--- START ---

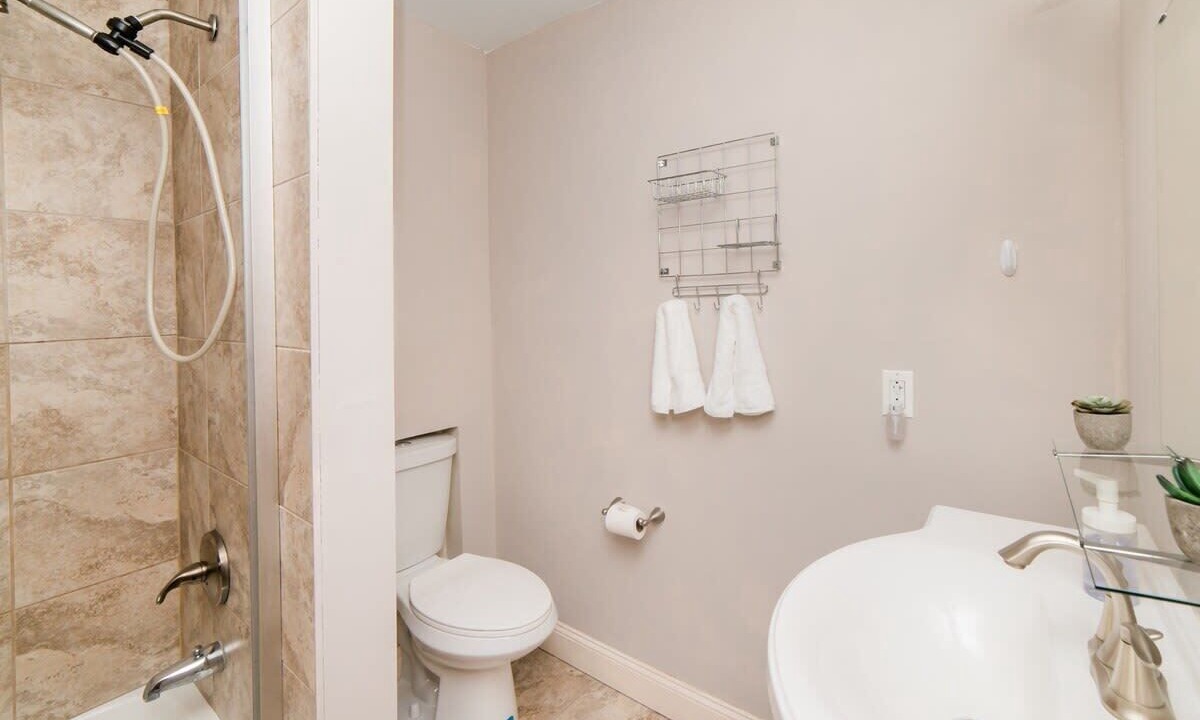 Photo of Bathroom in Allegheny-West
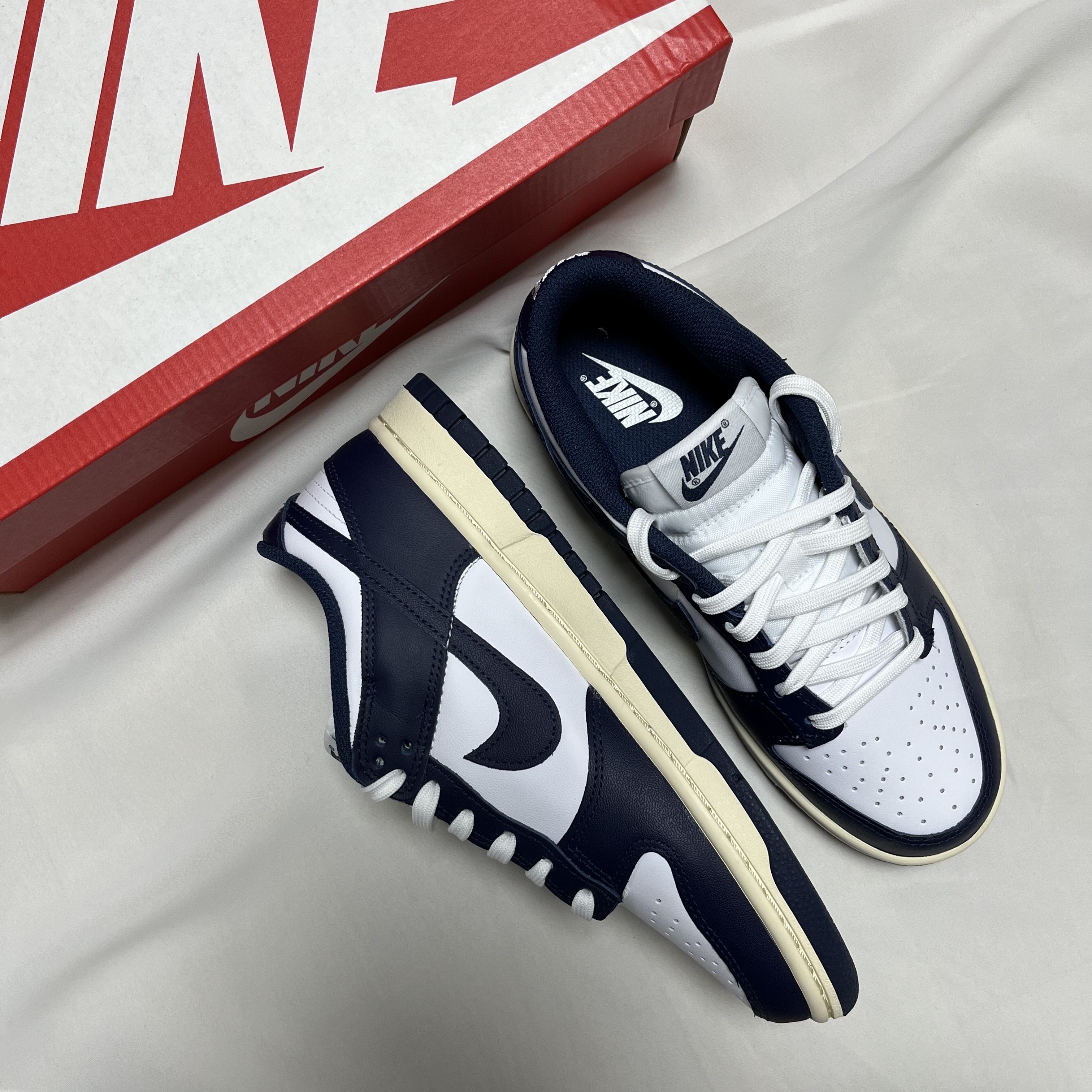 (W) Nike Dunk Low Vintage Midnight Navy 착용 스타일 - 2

--- END ---
--- START ---

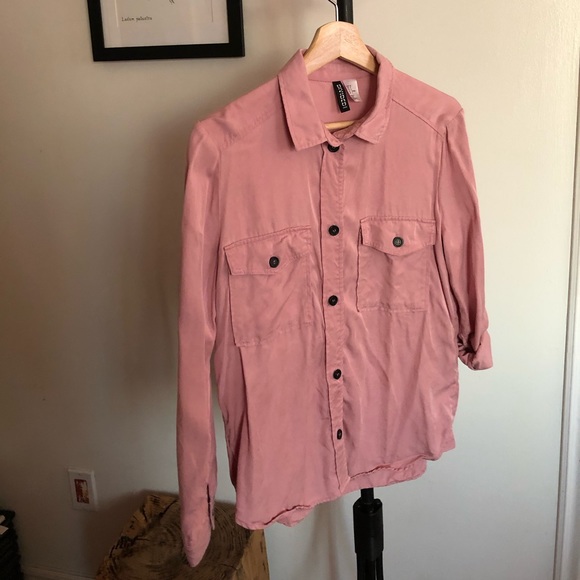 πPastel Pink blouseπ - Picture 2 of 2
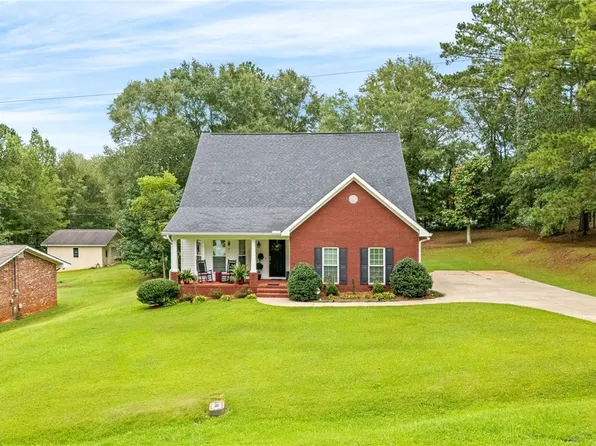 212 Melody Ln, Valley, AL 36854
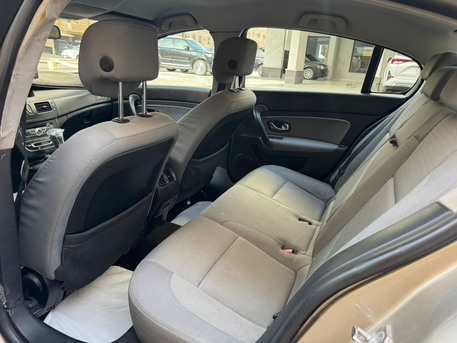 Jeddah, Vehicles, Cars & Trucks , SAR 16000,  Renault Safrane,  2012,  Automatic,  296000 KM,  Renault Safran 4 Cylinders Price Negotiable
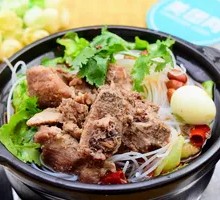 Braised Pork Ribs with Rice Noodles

--- END ---
--- START ---

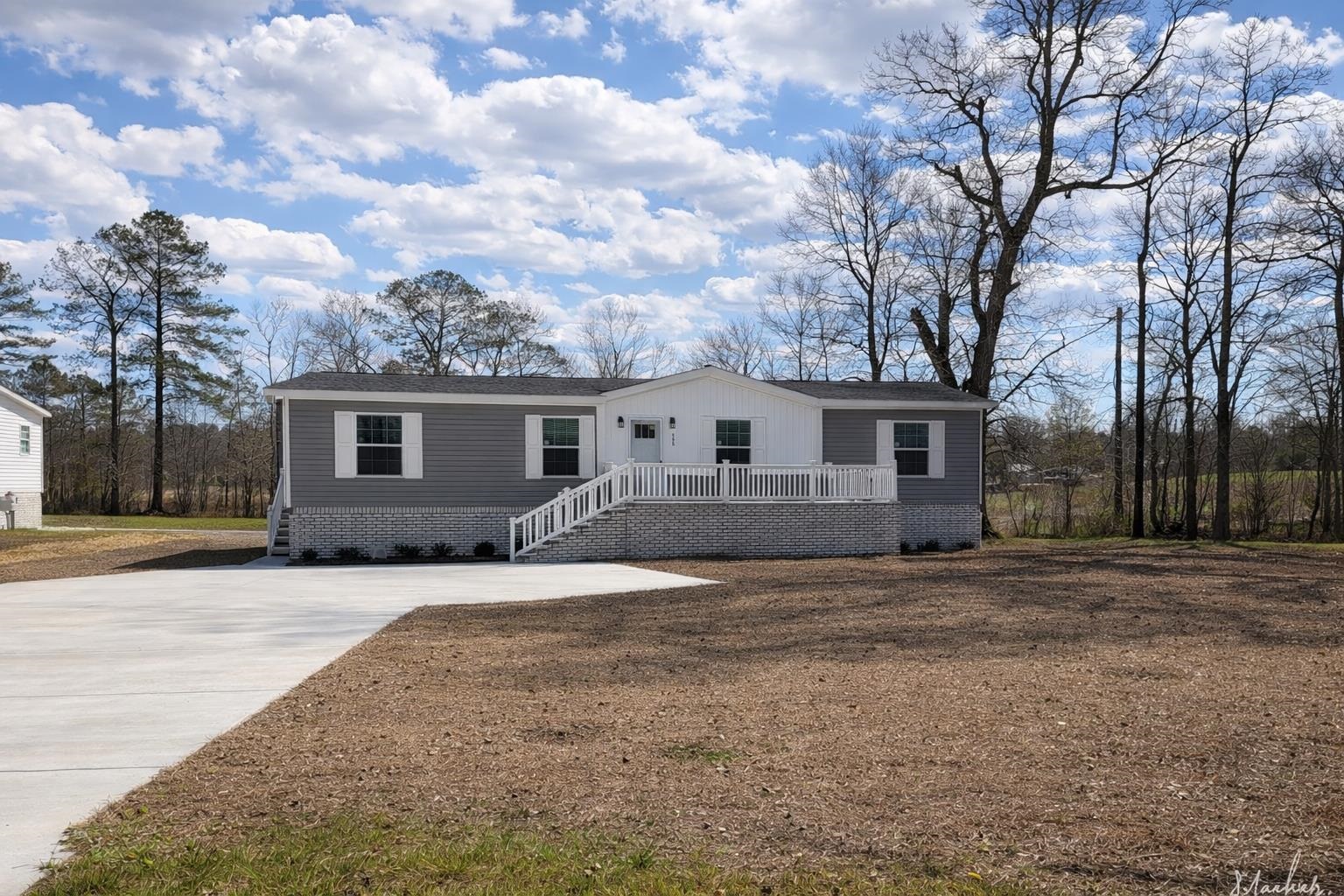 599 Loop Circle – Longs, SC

--- END ---

→ Task item:
Your answer must be the lines above from the one holding "Jeddah, Vehicles, Cars" up to and including the one holding "Braised Pork Ribs with Rice Noodles", exact and with no pictures.

→ Exercise answer:
 Jeddah, Vehicles, Cars & Trucks , SAR 16000,  Renault Safrane,  2012,  Automatic,  296000 KM,  Renault Safran 4 Cylinders Price Negotiable
 Braised Pork Ribs with Rice Noodles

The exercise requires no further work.